Loans and Credit Quality
Loans decreased by $9.5 million for the second quarter of 2023 and totaled $2.103 billion at June 30, 2023, compared to $2.112 billion at March 31, 2023. Loan originations for the second quarter of 2023 were $22.8 million, compared to $44.9 million for the first quarter of 2023. Loan payoffs were $24.6 million for the second quarter, compared to $22.2 million for the first quarter of 2023. Bank of Marin has continued its usual steadfast conservative underwriting practices, and has not programmatically changed its credit standards or policies specifically in reaction to the current market conditions. The Bank continues to be focused on achieving risk adjusted returns.

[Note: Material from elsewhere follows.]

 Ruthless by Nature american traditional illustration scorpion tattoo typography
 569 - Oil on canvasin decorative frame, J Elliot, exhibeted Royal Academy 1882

Loans increased $10.3 million during the six months ended June 30, 2023, compared to a $93.0 million decrease in total loans during the six months ended June 30, 2022. Loan originations were $67.7 million for the six months ended June 30, 2023, compared to $152.0 million for the six months ended June 30, 2022. In 2023, utilization and amortization netted a decrease of $10.2 million. Excluding PPP loans, payoffs were $45.0 million in the six months ended June 30, 2023, compared to $159.1 million for the same period in 2022. PPP loan payoffs during the six months ended June 30, 2023 and 2022 were $1.8 million and $94.2 million, respectively.
Non-accrual loans totaled $2.1 million, or 0.10%, of the loan portfolio at June 30, 2023, compared to $2.0 million, or 0.10% at March 31, 2023. Non-accrual loans at June 30, 2023 included the addition of two loans totaling $395 thousand for the second quarter, offset by decreases due to payoffs and paydowns of $309 thousand. All of the non-accrual loans are collateralized by real estate with no expected credit loss as of June 30, 2023.
Classified loans totaled $38.1 million at June 30, 2023, compared to $31.0 million at March 31, 2023, increasing primarily due to a $2.2 million increase in the usage of a revolving line of credit that was previously downgraded and the addition of five loans to four borrowers totaling $6.1 million. Approximately 90% of the additions were comprised of one commercial loan and one non-owner occupied commercial real estate loan. In addition, there were $664 thousand in payoffs and paydowns and $585 thousand in upgrades to pass risk rating. Accruing loans past due 30 to 89 days totaled $983 thousand at June 30, 2023, compared to $1.2 million at March 31, 2023.
Net recoveries for the second quarter of 2023 totaled $2 thousand, compared to net charge-offs of $3 thousand for the first quarter of 2023. The ratio of allowance for credit losses to total loans was 1.13% at June 30, 2023, compared to 1.10% at March 31, 2023.
The $500 thousand provision for credit losses on loans in the second quarter was due primarily to increases in qualitative factors related to our multi-family real estate and non-owner occupied commercial real estate office portfolios that have been impacted by continued negative trends in adversely graded loans and collateral values. These increases were partially offset by the impact of the decrease in loan balances.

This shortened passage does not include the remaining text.